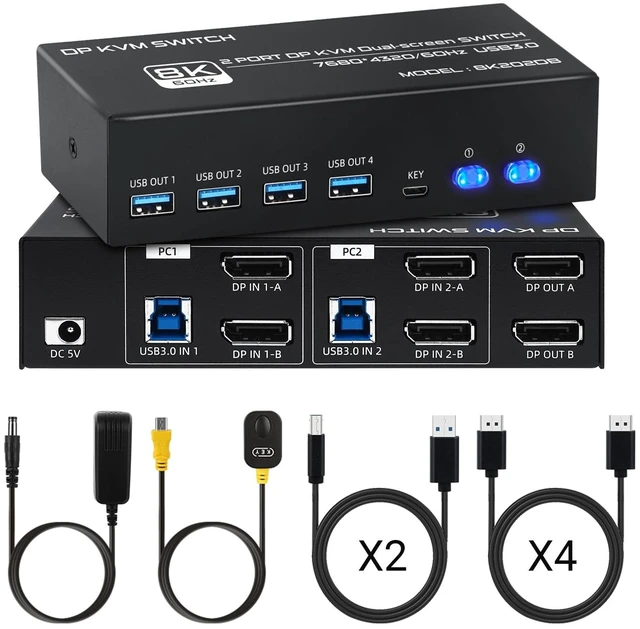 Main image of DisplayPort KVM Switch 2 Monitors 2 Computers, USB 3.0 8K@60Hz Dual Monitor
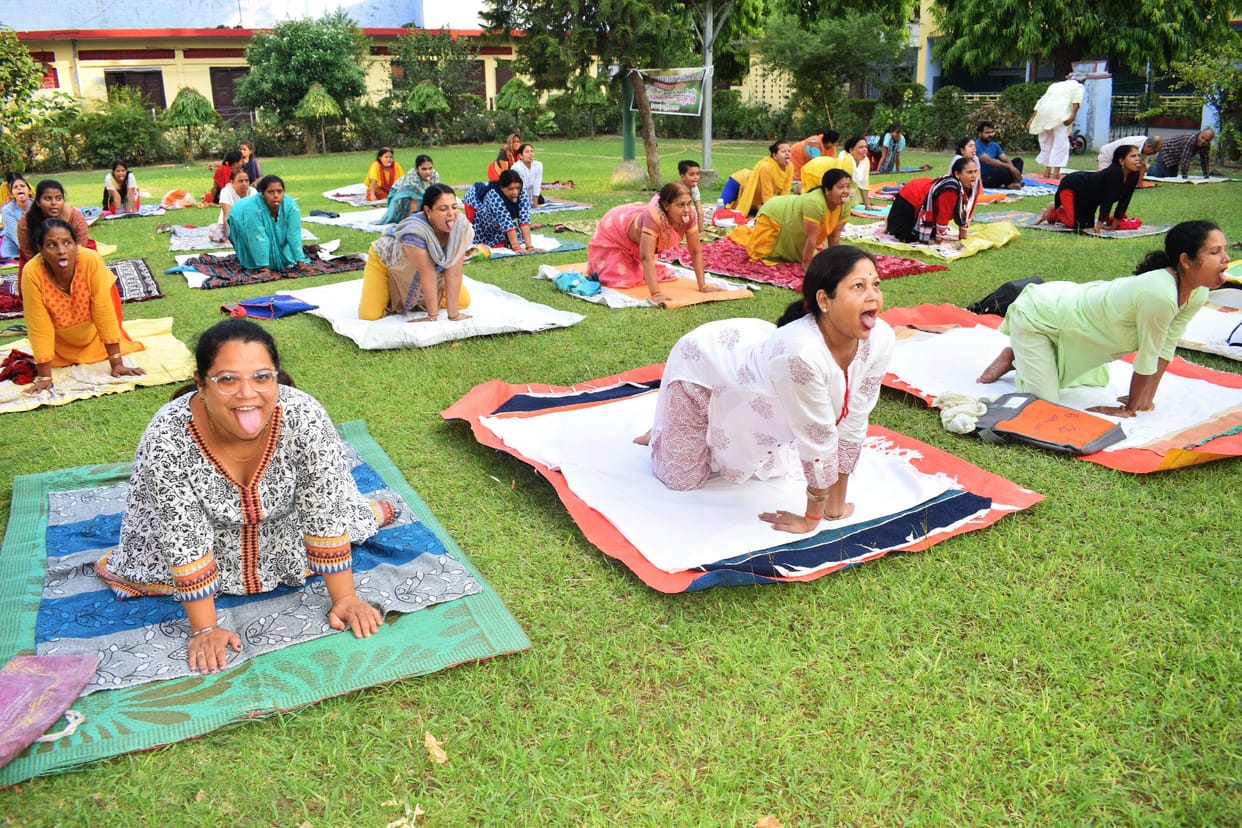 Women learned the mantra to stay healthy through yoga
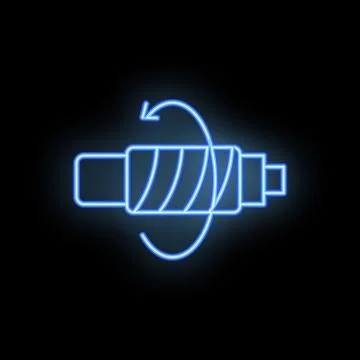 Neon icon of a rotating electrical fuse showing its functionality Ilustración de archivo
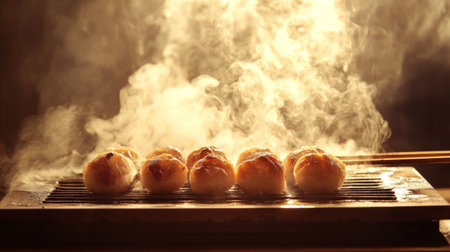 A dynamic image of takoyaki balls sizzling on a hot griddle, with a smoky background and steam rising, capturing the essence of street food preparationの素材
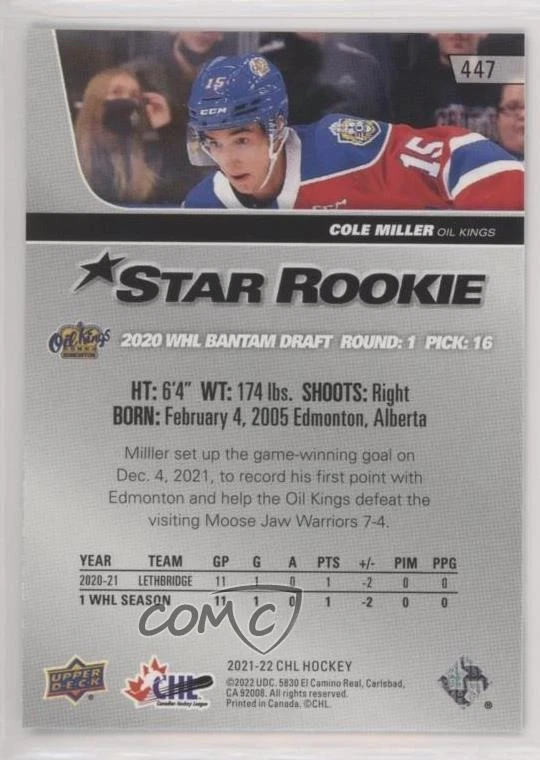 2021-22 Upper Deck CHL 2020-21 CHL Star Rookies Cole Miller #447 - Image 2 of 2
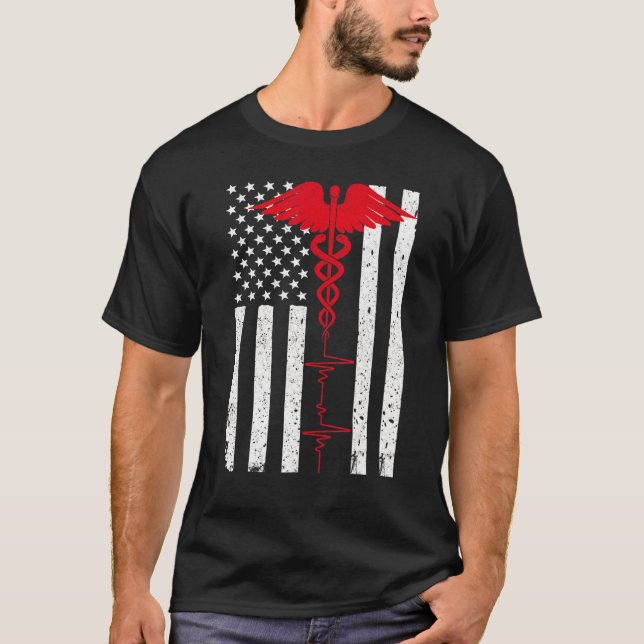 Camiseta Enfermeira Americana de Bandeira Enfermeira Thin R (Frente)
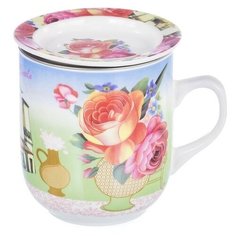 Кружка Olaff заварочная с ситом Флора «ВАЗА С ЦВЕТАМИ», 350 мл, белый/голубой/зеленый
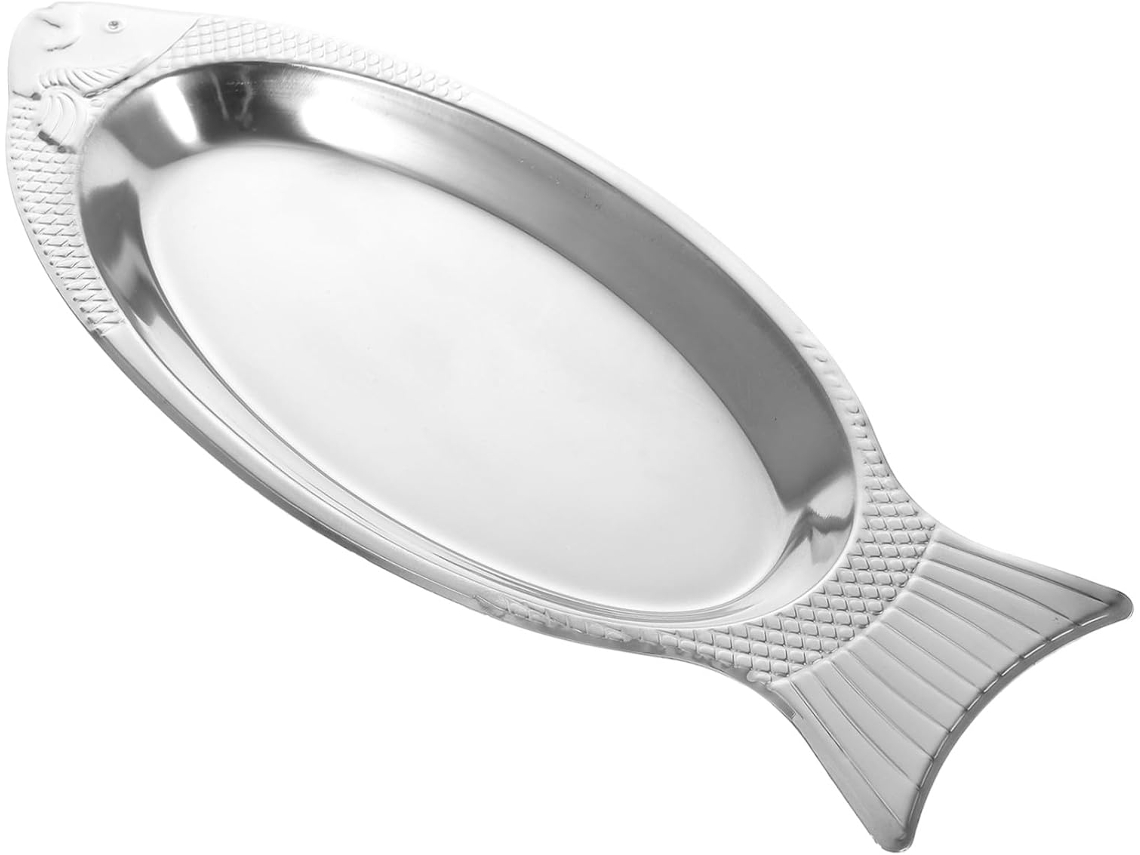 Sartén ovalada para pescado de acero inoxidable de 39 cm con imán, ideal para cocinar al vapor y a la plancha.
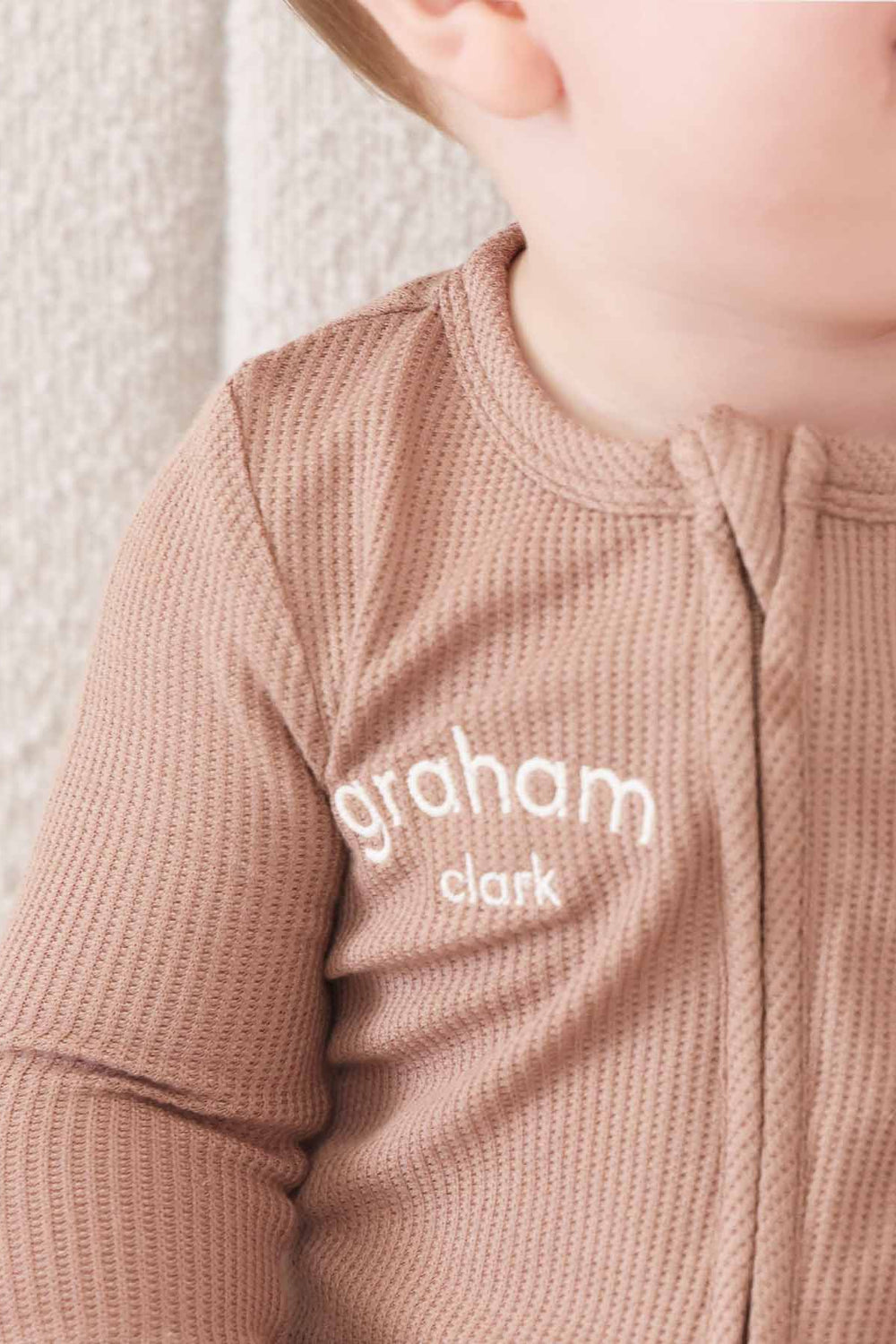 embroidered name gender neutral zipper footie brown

■ Task to carry out
Of the lines above, copy only those from the one holding "Camiseta Enfermeira Americana" to the one holding "Sartén ovalada para", both included, and exclude every image.

■ Exercise response
 Camiseta Enfermeira Americana de Bandeira Enfermeira Thin R (Frente)
 Кружка Olaff заварочная с ситом Флора «ВАЗА С ЦВЕТАМИ», 350 мл, белый/голубой/зеленый
 Sartén ovalada para pescado de acero inoxidable de 39 cm con imán, ideal para cocinar al vapor y a la plancha.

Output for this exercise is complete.